🤖 AI Summary
To address the prohibitively high computational cost of Monte Carlo (MC) methods for motor simulation under high-dimensional uncertainty, this paper proposes embedding parallel-in-time (PinT) integration into the multilevel Monte Carlo (MLMC) framework. This approach fully exploits hierarchical parallelism—across both sample realizations and temporal discretization levels—thereby unlocking residual time-parallelism and enabling dual-level (sample- and time-step-wise) concurrent computation. Crucially, it achieves substantial speedup while constraining total computational overhead. In two representative motor simulation benchmarks, the method reduces overall solution time by 12–45%, with only a 15–18% increase in total computational cost. It thus strikes an effective balance among uncertainty quantification accuracy, runtime efficiency, and resource expenditure. The proposed paradigm offers a scalable, high-fidelity framework for real-time uncertainty analysis in electromechanical systems.
📝 Abstract
While generally considered computationally expensive, Uncertainty Quantification using Monte Carlo sampling remains beneficial for applications with uncertainties of high dimension.

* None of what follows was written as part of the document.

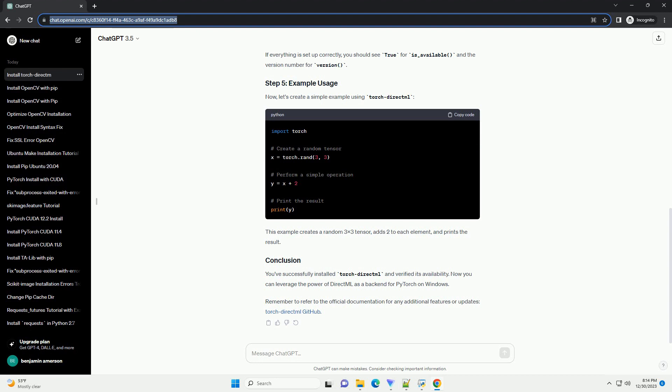Make sure you have the necessary dependencies for DirectML. You can install the required runtime components from the official Microsoft website, DirectML Download.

As an extension of the naive Monte Carlo method, the Multi-Level Monte Carlo method reduces the overall computational effort, but is unable to reduce the time to solution in a sufficiently parallel computing environment. In this work, we propose a Uncertainty Quantification method combining Multi-Level Monte Carlo sampling and Parallel-in-Time integration for select samples, exploiting remaining parallel computing capacity to accelerate the computation. While effective at reducing the time-to-solution, Parallel-in-Time integration methods greatly increase the total computational effort. We investigate the tradeoff between time-to-solution and total computational effort of the combined method, starting from theoretical considerations and comparing our findings to two numerical examples. There, a speedup of 12 - 45% compared to Multi-Level Monte Carlo sampling is observed, with an increase of 15 - 18% in computational effort.